2015年05月07日 12時30分00秒 | 映画・テレビドラマ・漫画
「クレヨンしんちゃん」の2015年の映画版「おらの引っ越し物語~サボテン大襲撃~」は、実写作品をひっくるめて、日本映画ではあまり無い分野の物語を作成。
それは、ある閉鎖された空間・土地に突如現れた、未知の生命体だとか得体の知れない生物群だとか凶暴な異星人だとかから、殺されないように住民たちが生き残りに邁進するという、ハリウッドB級映画でよくある筋立て。
パニック映画と云われるものです。

たとえば「エイリアンズvsプレデター」、「遊星からの物体X」。
ゾンビが出てくる物語や、ジェイソンの「13日の金曜日」シリーズといったホラー映画では定番の設定。

逃げようにも逃げられない宇宙船の中で、凶悪生命体からなんとか逃げようとする宇宙飛行士たちを描いた「エイリアン」。
絶海の孤島で、肉食恐竜の狩りから必死になって逃げ惑う科学者たちを描いた「ジュラシック・パーク」。
A級映画のこれらもその一種。

助けを呼んでも容易に援助が来ない限定された空間で、未知の生物だから対抗策も見出だせず、次々と一人またひとりと殺されて(捕食されて)いく-これでハラハラドキドキ。
その生命体の正体は何なのか?弱点は?主人公たちが勝つ術は?と観客の知的好奇心をくすぐる構成。
生き残った人たちの衝突や葛藤に醜さ、この事態に遭遇したことで生まれた友情・愛情といったドラマ部分。
パニック映画は、だから演出と脚本がしっかりとしていれば非常に楽しめる分野なのです。

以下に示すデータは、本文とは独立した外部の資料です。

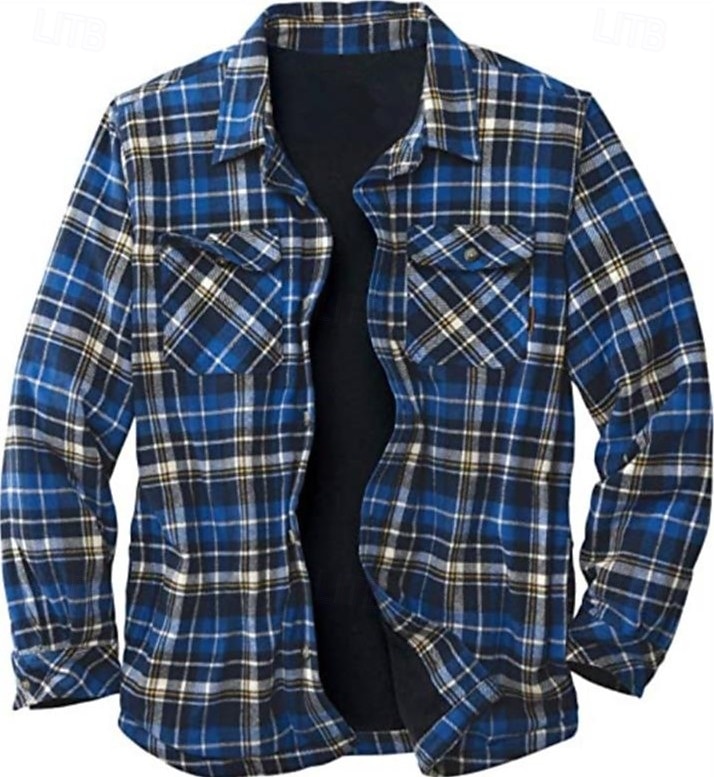 Per uomo Plaid Camicia di flanella Sopracamicia Manica Lunga Camicia Collo ripiegato Streetwear Quotidiano Stampa Giallo Chiaro Rosso+Grigio+Nero Nero + grigio scuro + blu navy Blu Arancione Bottonato del 2025 a $9.99 –P9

で、「クレヨンしんちゃん おらの引っ越し物語~サボテン大襲撃~」は、成功の部類。
B級パニック映画の最高傑作のひとつ「トレマーズ」を彷彿とさせる、ってかこれを意識して物語を作ったに違いないはずだけど、「トレマーズ」を上手いこと翻意して、子どもにも親御さん世代、おばあちゃんおじいちゃん世代にも分かり易く製作したなあ、と。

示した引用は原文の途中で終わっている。